== TRY IT ==
Give as output the line that contains "Лот: 5641923. Фото: 1.", followed by every remaining line of the entries, unchanged and with nothing added.

== DATA EXTRACTS ==

<<<<

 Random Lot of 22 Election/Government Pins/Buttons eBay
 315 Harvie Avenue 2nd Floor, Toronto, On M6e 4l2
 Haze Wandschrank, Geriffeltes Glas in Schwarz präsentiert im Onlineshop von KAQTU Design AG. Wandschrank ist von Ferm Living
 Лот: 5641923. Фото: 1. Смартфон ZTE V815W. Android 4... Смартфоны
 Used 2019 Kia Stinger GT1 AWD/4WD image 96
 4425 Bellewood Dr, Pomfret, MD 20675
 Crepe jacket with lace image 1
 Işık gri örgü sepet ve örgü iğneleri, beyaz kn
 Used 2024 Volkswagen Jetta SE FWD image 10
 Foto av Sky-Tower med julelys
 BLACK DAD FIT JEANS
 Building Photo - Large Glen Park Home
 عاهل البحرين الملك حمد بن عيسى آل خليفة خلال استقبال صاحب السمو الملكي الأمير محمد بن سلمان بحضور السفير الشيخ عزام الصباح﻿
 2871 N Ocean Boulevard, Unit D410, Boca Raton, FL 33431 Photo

>>>>

== YOUR SOLUTION ==
 Лот: 5641923. Фото: 1. Смартфон ZTE V815W. Android 4... Смартфоны
 Used 2019 Kia Stinger GT1 AWD/4WD image 96
 4425 Bellewood Dr, Pomfret, MD 20675
 Crepe jacket with lace image 1
 Işık gri örgü sepet ve örgü iğneleri, beyaz kn
 Used 2024 Volkswagen Jetta SE FWD image 10
 Foto av Sky-Tower med julelys
 BLACK DAD FIT JEANS
 Building Photo - Large Glen Park Home
 عاهل البحرين الملك حمد بن عيسى آل خليفة خلال استقبال صاحب السمو الملكي الأمير محمد بن سلمان بحضور السفير الشيخ عزام الصباح﻿
 2871 N Ocean Boulevard, Unit D410, Boca Raton, FL 33431 Photo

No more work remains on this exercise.